Cooke: "The men tearing down the television towers looked like military men. You could see the changes on the faces of the people on the course. It just became eerie. Players were asking, 'What’s going on?' And no one responded."
Teresa Belmont, Senior Women’s Amateur Championship Director, Far Hills, N.J.: "We took all eight quarterfinalists into the clubhouse. I even remember the murals on the wall, the scenes of horses and pastures. And then, we let the players decide if they wanted to continue playing."
Brower: :Everyone was in such shock. We didn’t know what to do or what to think."
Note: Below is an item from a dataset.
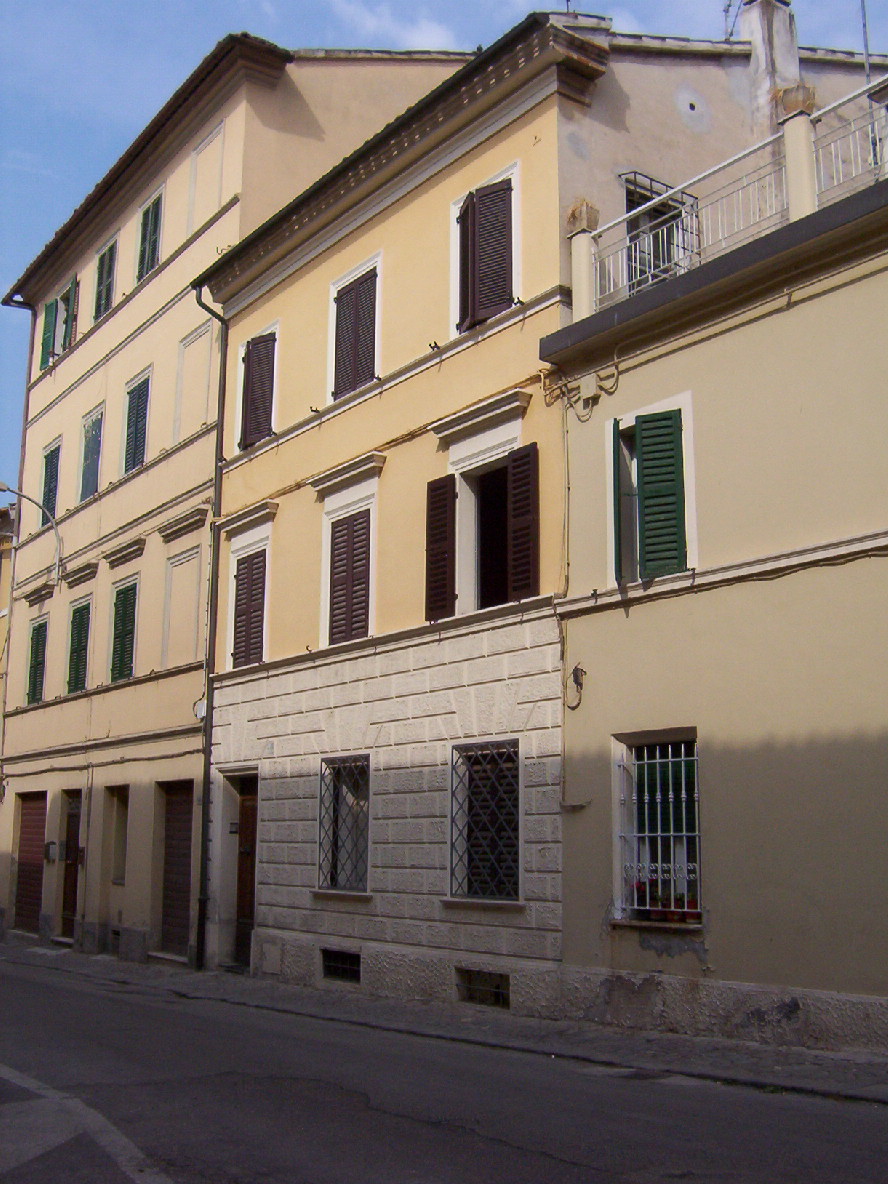 Casa in linea (casa in linea) - Jesi (AN)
Shorb: "It was just total disbelief that, one, we would be vulnerable and two, they’d do something so outrageous, an attack on civilians."
Towersey: :The consensus was, we didn’t want terrorism to get in the way. The American way of life goes on. We were still stunned and no one felt strongly, so we went along with the USGA’s suggestion that we would play."
Belmont: :The players decided to play. Then the television people pulled me in front of a camera. I remember the intense lights. I was told that our championship and the men’s senior amateur, were the only sporting events in the country that did not cancel. I was asked why. I could only say that the players made the decision."
Carol Semple Thompson, player, Sewickley, Pa.: "The prevailing opinion was that there wasn’t a thing we could do about what was going on in New York or Washington, and we probably should try to get back to some sort of normalcy, if there was ever going to be such a thing in our lives again."
Shorb: "My first thought was that they should cancel but then I thought, no one can go anywhere. We’re going to continue with our lives and we are all together with our friends."
Towersey: "Thousands of people had died, but as we continued to talk about it, we said, let’s just go on. Let’s not let anything stop us. Let’s just do this."
Cooke: "That night, some of us went to the closest church, where they were having prayer services. I’m Southern Baptist and it was a Catholic church in Wexford, but that night it was non-denominational. The committee had a prayer service the next morning. Judy Muirhead led it."
May: "After the quarterfinal matches the next morning, I remember walking up the 18th hole with Carol Semple Thompson. Up on the hill we saw the American flag flying at half mast, and tears flowed down our faces. Anne Carr contacts me every year near this date. It’s a bond we have. We cry."
The championship ended on Sept. 13. In the final, Carol Semple Thompson defeated Anne Carr, 1 up.